For every record that follows, transcribe the text exactly and leave any image out.

(Excerpts from a dataset)
▼

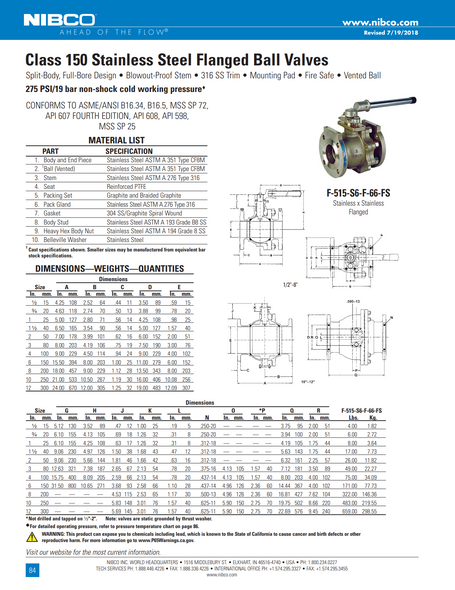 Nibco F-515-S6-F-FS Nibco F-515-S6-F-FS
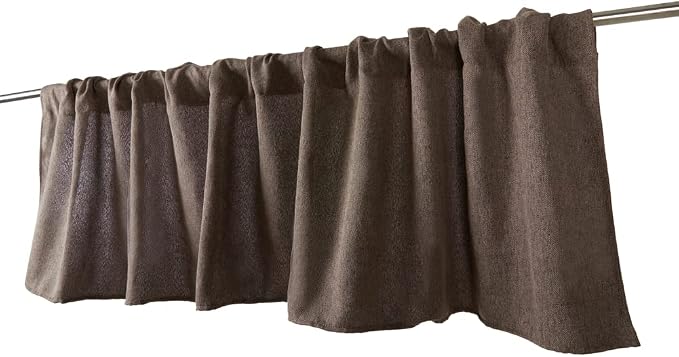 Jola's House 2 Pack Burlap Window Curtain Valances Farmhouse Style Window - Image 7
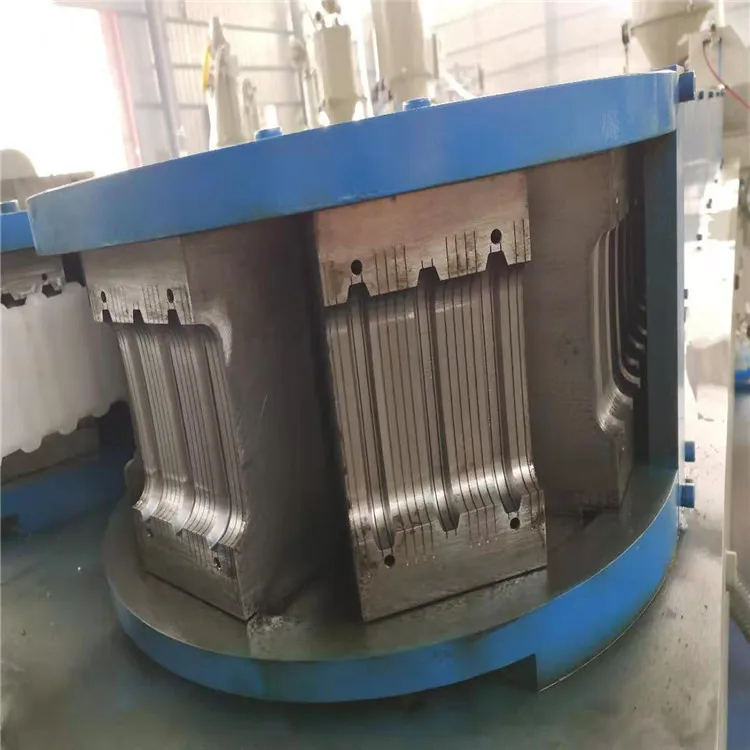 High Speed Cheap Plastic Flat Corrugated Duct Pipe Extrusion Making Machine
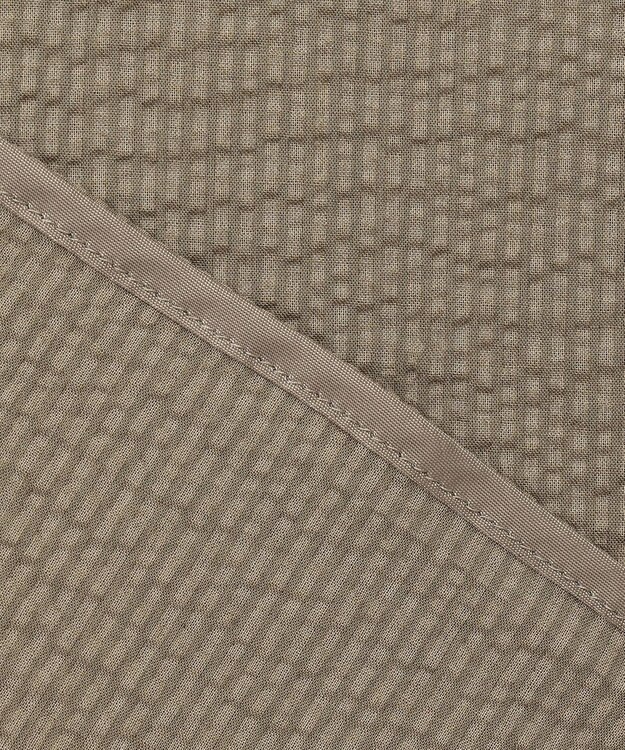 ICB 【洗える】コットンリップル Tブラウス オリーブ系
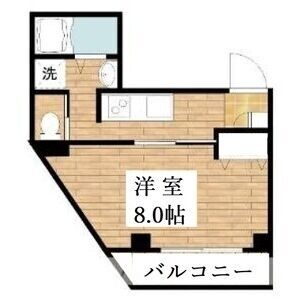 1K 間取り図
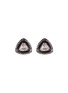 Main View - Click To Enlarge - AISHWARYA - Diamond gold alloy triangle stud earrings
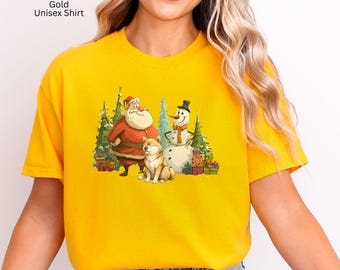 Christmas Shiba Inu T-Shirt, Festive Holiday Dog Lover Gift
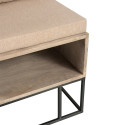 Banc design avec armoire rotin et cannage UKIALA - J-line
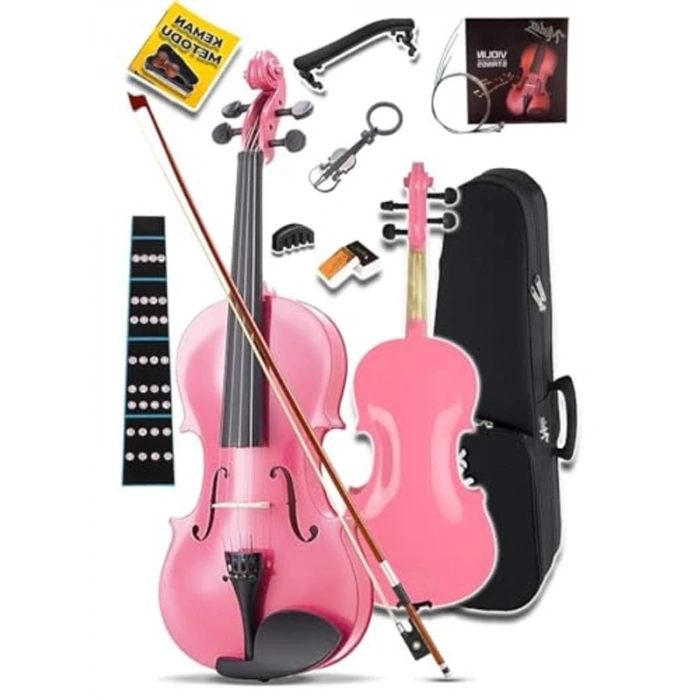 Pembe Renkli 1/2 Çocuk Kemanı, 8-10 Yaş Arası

▲

→ Solution to the problem:
 Nibco F-515-S6-F-FS Nibco F-515-S6-F-FS
 Jola's House 2 Pack Burlap Window Curtain Valances Farmhouse Style Window - Image 7
 High Speed Cheap Plastic Flat Corrugated Duct Pipe Extrusion Making Machine
 ICB 【洗える】コットンリップル Tブラウス オリーブ系
 1K 間取り図
 Main View - Click To Enlarge - AISHWARYA - Diamond gold alloy triangle stud earrings
 Christmas Shiba Inu T-Shirt, Festive Holiday Dog Lover Gift
 Banc design avec armoire rotin et cannage UKIALA - J-line
 Pembe Renkli 1/2 Çocuk Kemanı, 8-10 Yaş Arası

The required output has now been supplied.